O MPE instaurou um procedimento para investigar a suposta prática de ‘improbidade administrativa praticados por agentes públicos municipais no gerenciamento do aterro de entulho de construção civil, situado no Jardim Noroeste ao lado do Conjunto Habitacional Leon Delizarte Conti’. A ação investigatória aponta, que o MPE chegou à conclusão que os ex-prefeitos não cumpriram suas funções imediatas e ainda não cumpriram exigências e acordo feito com a Justiça para ‘cuidar’ da área que oferecia perigos. Consta nos autos que prefeitura e MPE firmaram um TAC (Termo de Ajustamento de Conduta) em setembro de 2010, época em que Nelsinho ocupava o Paço.
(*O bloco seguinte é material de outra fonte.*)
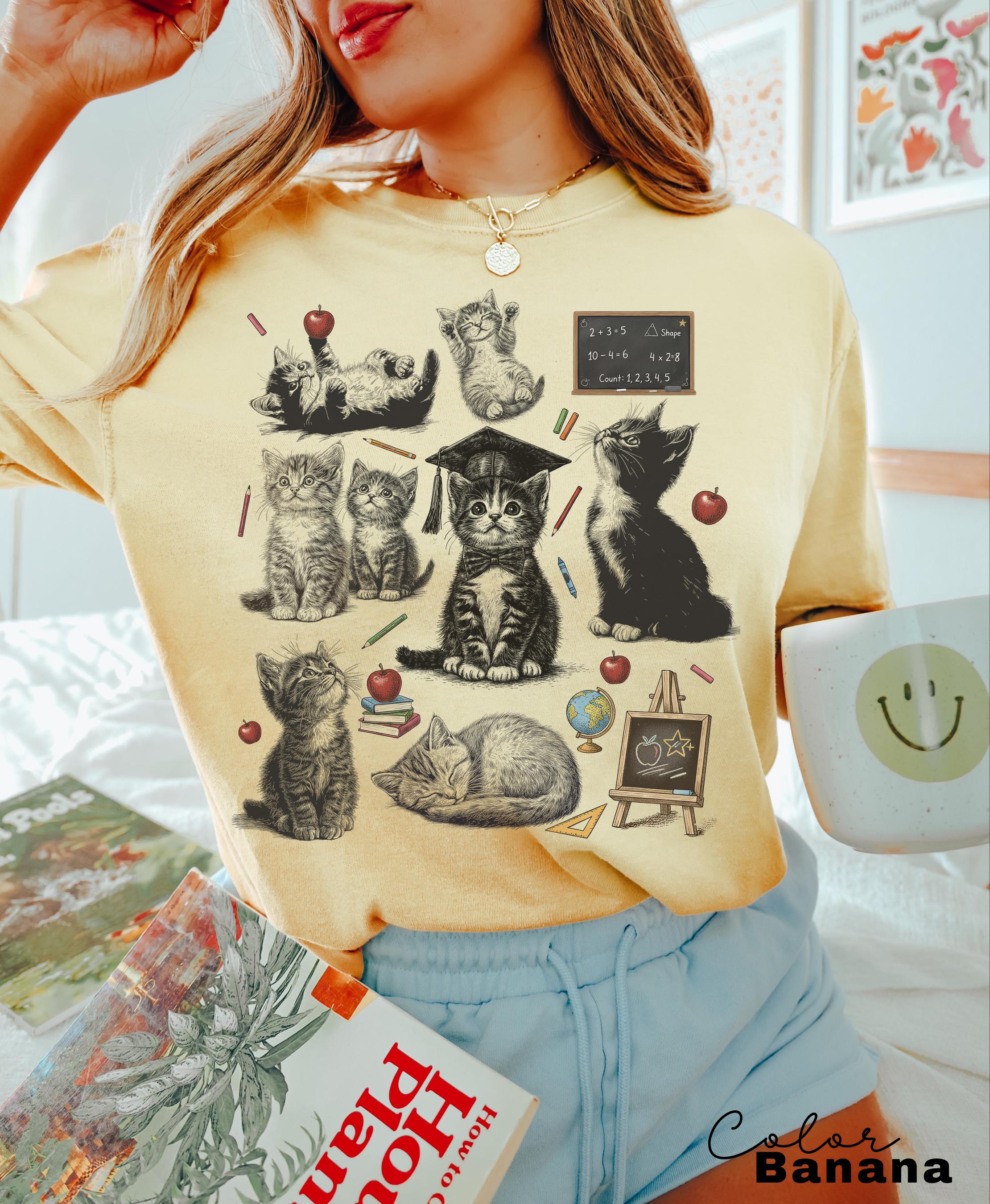 Retro Teacher Cat Kitten Shirt, Comfort Colors Tee, Cute Cat Elementary School Shirt, Teacher Team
Em julho de 2011, o parquet ajuizou uma ‘Ação de Execução’ para obrigar o município a cumprir o acordo.

Conforme o promotor da 30ª Promotoria de Justiça da Capital, Alexandre Capiberibe Saldanha, se fez um TAC, que foi renovado, mas nenhum dos prefeitos, agora réus, cumpriram o que ‘prometeram’ e muito menos resolver o problema ou parte dele no local do aterro. “Houve o transcurso do prazo de cinco anos sem que houvesse o efetivo cumprimento das obrigações firmadas no Termo de Ajustamento de Conduta. Nenhum dos condutores dos destino do município fizeram prover neste área”, pontua.

Dentre os problemas verificados pelo MPE estão a inexistência de licença ambiental para o aterro, falta de isolamento da área, sem controle de acesso de pessoas, e falta de verificação do que é despejado no local, o que provoca incêndios e ação de vândalos.
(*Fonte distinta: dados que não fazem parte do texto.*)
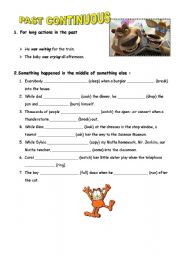 English Worksheet: past continuous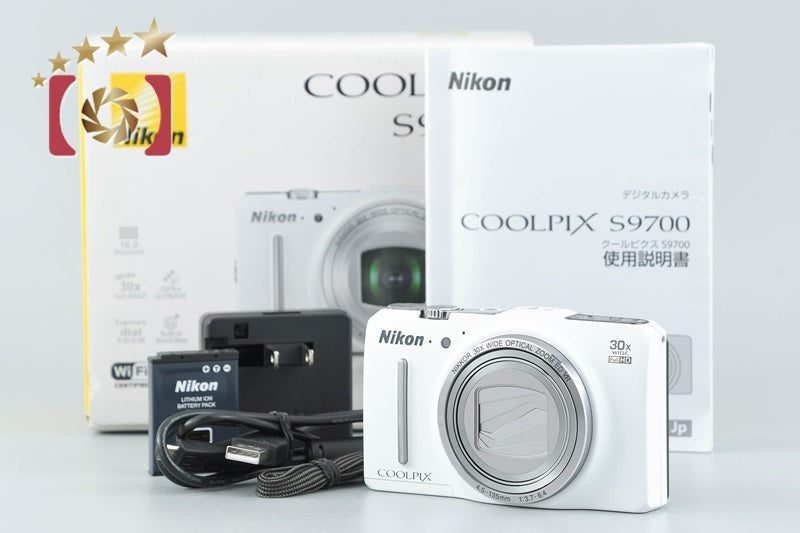 Nikon COOLPIX S9700 Elegant White 16.5 MP Digital Camera w/ Box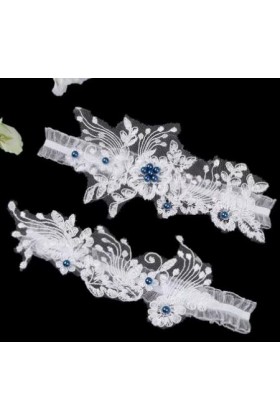 Clicitina GTv262 Ensemble de jarretières de mariage en dentelle et perles élastiques avec nœud et porte-jarretelles pour mari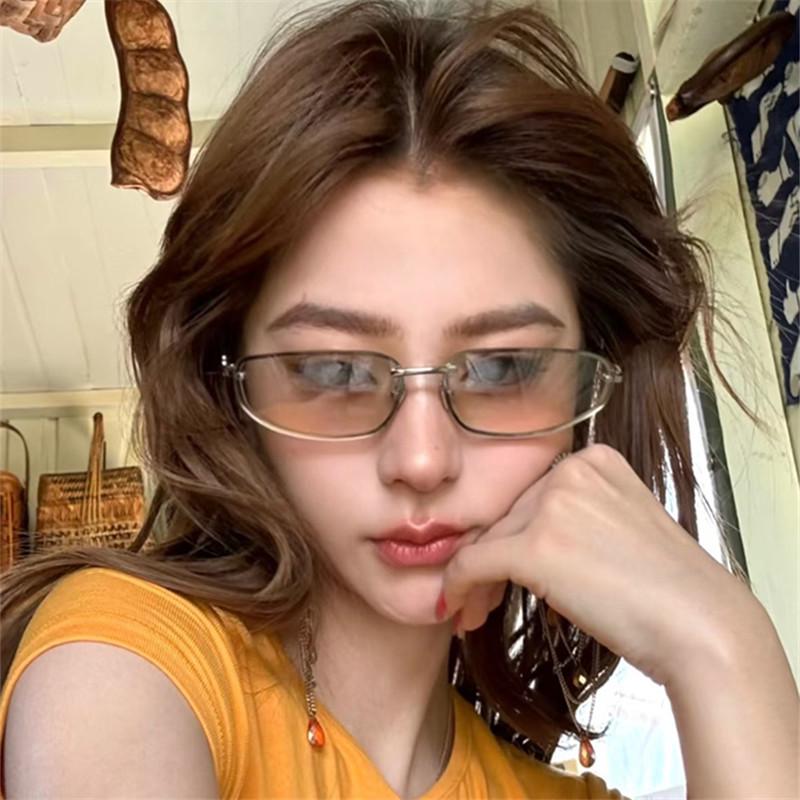 Retro Y2K Cat Eye Sunglasses - Silver Metallic, High-End European & American Style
Sem cumprir função entre prefeitos e outros servidores

O promotor lembra que o Ministério Público, vem procurando a prefeitura desde 2011 para tentar resolver o problema, sendo que os três últimos gestores da Capital se comprometeram e por consequência feriram os princípios da legalidade, impessoalidade, moralidade, publicidade e eficiência, previstos na Constituição Federal.

O trio é acusado de ‘não honrar com as disposições pactuadas no Termo de Ajustamento de Conduta, utilizando-se de recursos infundados e protelatórios a fim de não arcarem com as obrigações pactuadas, prejudicando a sociedade e violando princípios da administração pública’.

Outros dois réus constam no processo. Eles seriam servidores da prefeitura durante a gestão de Nelsinho Trad, e são acusados do crime de peculato, por terem retirado 10m3 de areia do aterro e levado para obra em residência particular.

Contra dupla, Moacir Lima da Silva e Edson Melo Ferreira, o MPE pede a devolução dos valores referentes ao material retirado do local, R$ 310.

Condenação

Por terem ‘afrontado os princípios da Administração Pública’ e pelo ‘prejuízo ao erário’, o MPE pede que Nelsinho, Olarte e Bernal sejam condenados por atos de improbidade administrativa, o que importa na suspensão dos direitos políticos, perda da função pública, indisponibilidade (bloqueio) de bens e ressarcimento ao erário.

O juiz da 1ª Vara de Direitos Difusos da Capital, Marcelo Ivo de Oliveira, determinou a notificação dos requeridos, para apresentação da defesa. Até ontem, segunda-feira (15), apenas Edson havia sido encontrado pelo oficial de justiça.